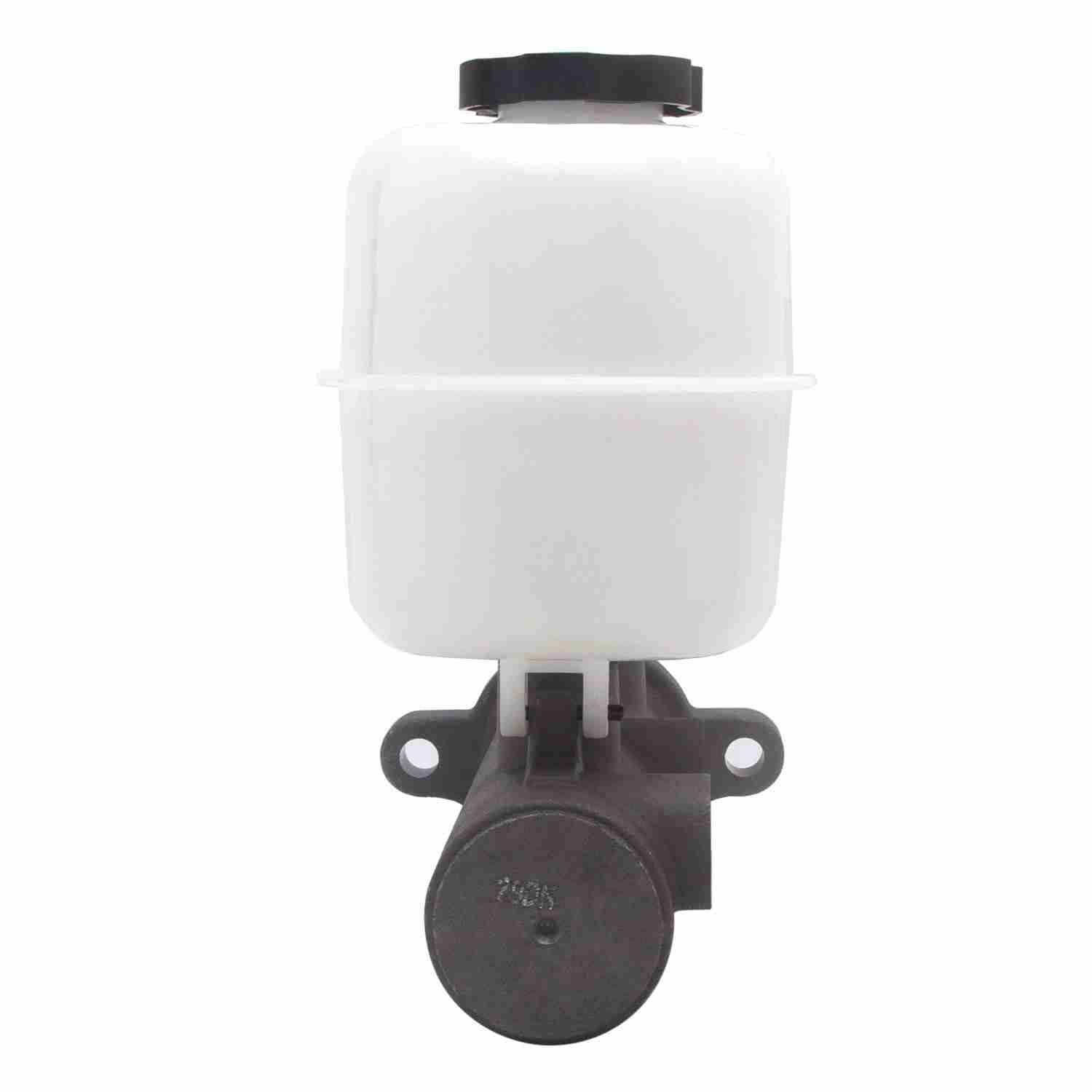 Dynamic Friction Company Brake Master Cylinder 355-47187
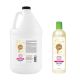 Manuka Honey Shampoo 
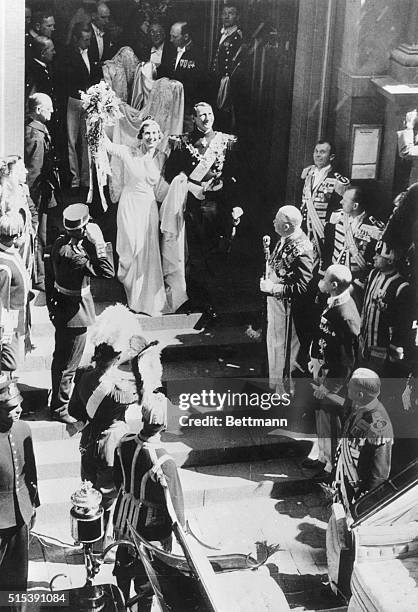 13 Prince Gorm Of Denmark Stock Photos, HighRes Pictures, and Images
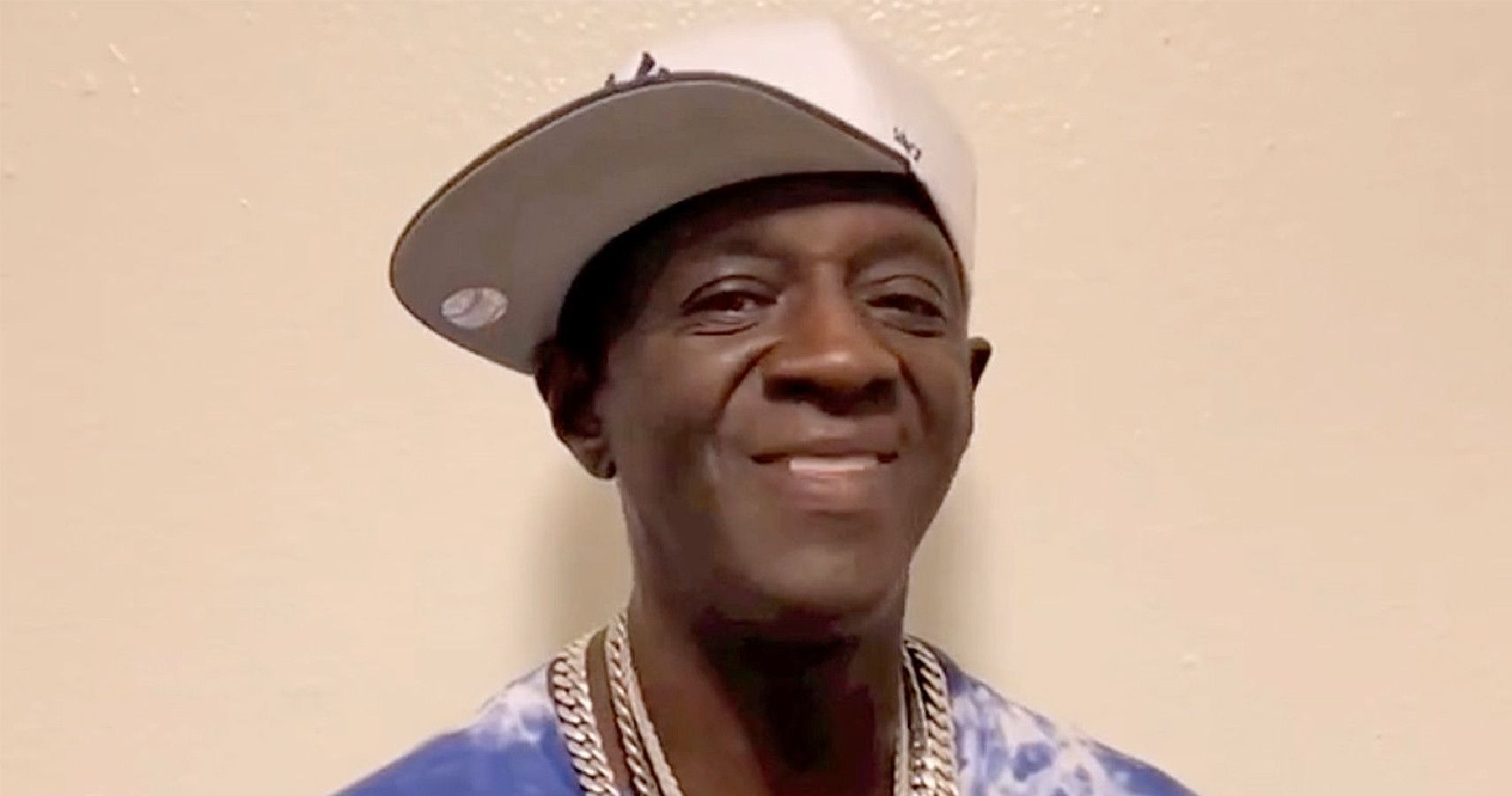 Southwest Airlines Offers Flavor Flav Free Flights For Life | Flipboard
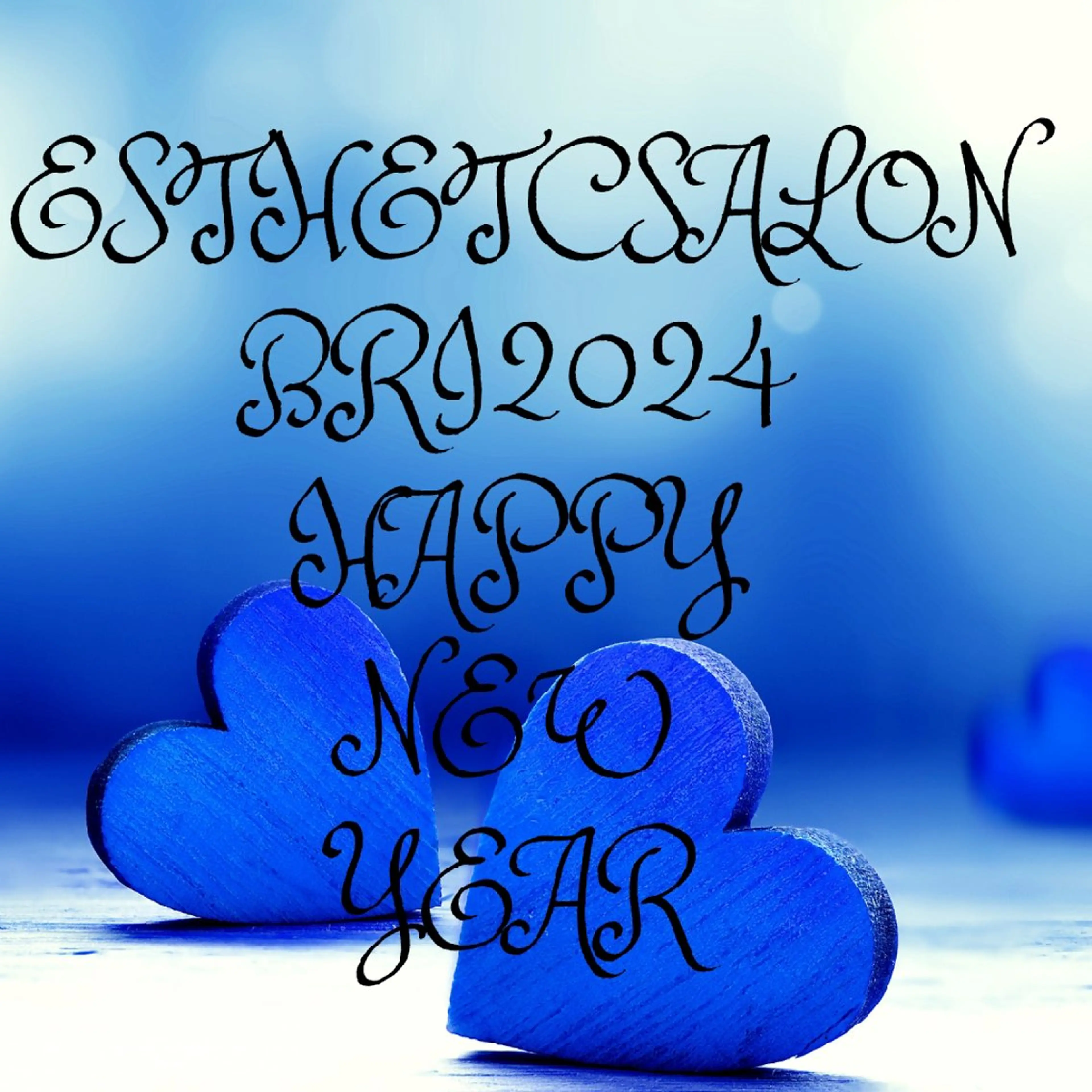 ✨Esthetic✨ Salon✨BRI✨のエステ・リラクイメージ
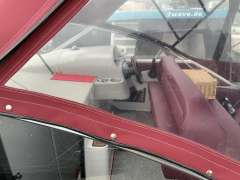 Four Winns Vista II 58
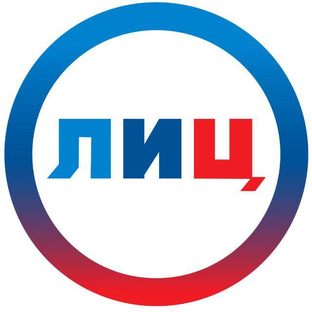 Статистика Дзен Луганский Информационный Центр
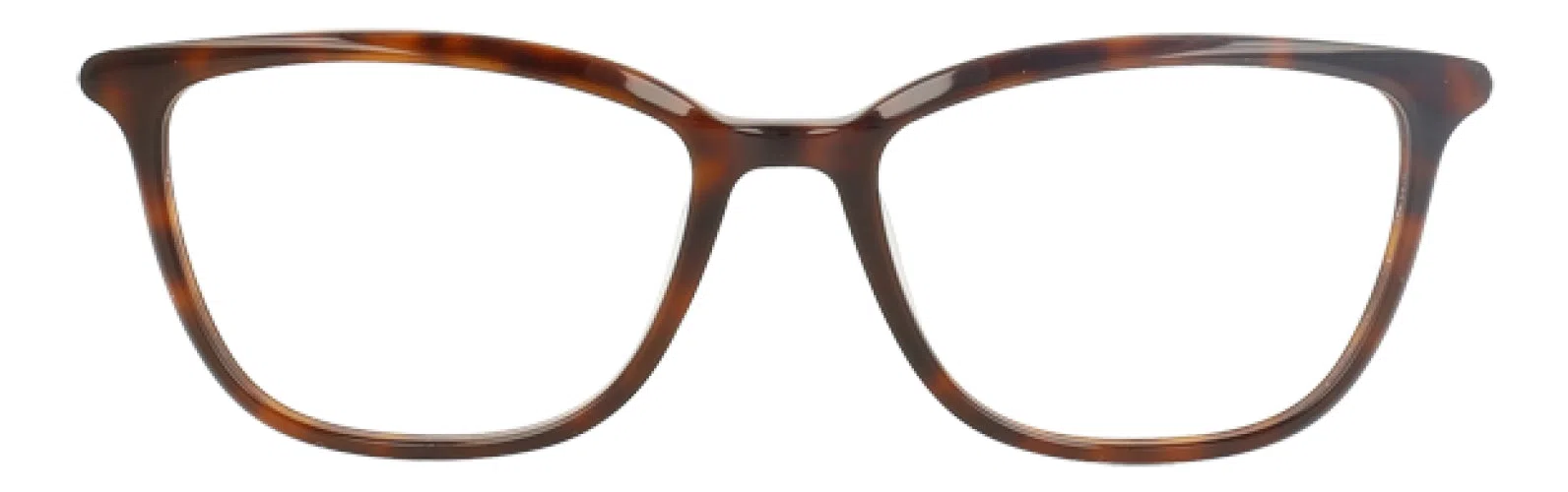 Vera Bradley VBEMBERLEIGH Eyeglasses - view 8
────────
◆ **Prompt**: The required output is each record above, reproduced exactly, without its pictures.

◆ **Exercise solution**:
 Dynamic Friction Company Brake Master Cylinder 355-47187
 Manuka Honey Shampoo 
 13 Prince Gorm Of Denmark Stock Photos, HighRes Pictures, and Images
 Southwest Airlines Offers Flavor Flav Free Flights For Life | Flipboard
 ✨Esthetic✨ Salon✨BRI✨のエステ・リラクイメージ
 Four Winns Vista II 58
 Статистика Дзен Луганский Информационный Центр
 Vera Bradley VBEMBERLEIGH Eyeglasses - view 8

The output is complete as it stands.